*Aim of the task*. For this exercise, please reproduce the records below word for word, from the first line through the line with "Photo #5: 6478530 Listing".

[Brief descriptive captions]
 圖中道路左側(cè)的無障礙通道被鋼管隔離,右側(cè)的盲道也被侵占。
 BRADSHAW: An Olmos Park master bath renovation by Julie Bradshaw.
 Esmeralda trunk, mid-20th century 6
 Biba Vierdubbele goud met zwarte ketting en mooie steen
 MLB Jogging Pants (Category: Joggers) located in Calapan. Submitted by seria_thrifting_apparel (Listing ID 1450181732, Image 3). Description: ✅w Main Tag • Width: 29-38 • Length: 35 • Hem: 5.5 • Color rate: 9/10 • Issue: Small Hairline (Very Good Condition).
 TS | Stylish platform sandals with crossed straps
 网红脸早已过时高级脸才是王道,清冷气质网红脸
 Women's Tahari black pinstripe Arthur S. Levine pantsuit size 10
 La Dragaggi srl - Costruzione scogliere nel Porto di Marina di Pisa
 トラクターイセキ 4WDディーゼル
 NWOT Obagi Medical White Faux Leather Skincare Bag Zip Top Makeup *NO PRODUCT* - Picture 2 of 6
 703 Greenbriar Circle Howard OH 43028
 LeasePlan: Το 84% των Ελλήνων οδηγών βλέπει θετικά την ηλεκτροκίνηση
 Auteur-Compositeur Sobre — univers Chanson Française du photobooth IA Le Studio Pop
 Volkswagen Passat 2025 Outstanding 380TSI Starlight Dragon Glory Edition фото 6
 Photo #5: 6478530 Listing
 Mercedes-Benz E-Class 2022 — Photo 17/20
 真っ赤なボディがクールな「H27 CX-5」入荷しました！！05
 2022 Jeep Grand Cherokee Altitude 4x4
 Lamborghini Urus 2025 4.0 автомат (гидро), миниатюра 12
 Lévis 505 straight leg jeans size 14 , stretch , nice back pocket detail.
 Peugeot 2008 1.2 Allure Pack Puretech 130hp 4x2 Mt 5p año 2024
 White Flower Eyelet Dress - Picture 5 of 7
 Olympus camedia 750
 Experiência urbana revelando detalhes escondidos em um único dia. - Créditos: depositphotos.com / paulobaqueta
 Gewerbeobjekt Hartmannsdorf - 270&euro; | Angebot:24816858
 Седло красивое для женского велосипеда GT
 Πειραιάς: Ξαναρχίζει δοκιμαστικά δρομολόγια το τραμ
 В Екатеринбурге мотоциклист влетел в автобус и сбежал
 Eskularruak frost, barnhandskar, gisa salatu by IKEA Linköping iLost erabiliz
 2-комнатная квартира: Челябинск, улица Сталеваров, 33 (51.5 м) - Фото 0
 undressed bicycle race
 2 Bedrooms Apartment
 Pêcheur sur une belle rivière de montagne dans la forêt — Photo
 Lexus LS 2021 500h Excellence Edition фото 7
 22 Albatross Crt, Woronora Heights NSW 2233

*Reply to the exercise*.
 圖中道路左側(cè)的無障礙通道被鋼管隔離,右側(cè)的盲道也被侵占。
 BRADSHAW: An Olmos Park master bath renovation by Julie Bradshaw.
 Esmeralda trunk, mid-20th century 6
 Biba Vierdubbele goud met zwarte ketting en mooie steen
 MLB Jogging Pants (Category: Joggers) located in Calapan. Submitted by seria_thrifting_apparel (Listing ID 1450181732, Image 3). Description: ✅w Main Tag • Width: 29-38 • Length: 35 • Hem: 5.5 • Color rate: 9/10 • Issue: Small Hairline (Very Good Condition).
 TS | Stylish platform sandals with crossed straps
 网红脸早已过时高级脸才是王道,清冷气质网红脸
 Women's Tahari black pinstripe Arthur S. Levine pantsuit size 10
 La Dragaggi srl - Costruzione scogliere nel Porto di Marina di Pisa
 トラクターイセキ 4WDディーゼル
 NWOT Obagi Medical White Faux Leather Skincare Bag Zip Top Makeup *NO PRODUCT* - Picture 2 of 6
 703 Greenbriar Circle Howard OH 43028
 LeasePlan: Το 84% των Ελλήνων οδηγών βλέπει θετικά την ηλεκτροκίνηση
 Auteur-Compositeur Sobre — univers Chanson Française du photobooth IA Le Studio Pop
 Volkswagen Passat 2025 Outstanding 380TSI Starlight Dragon Glory Edition фото 6
 Photo #5: 6478530 Listing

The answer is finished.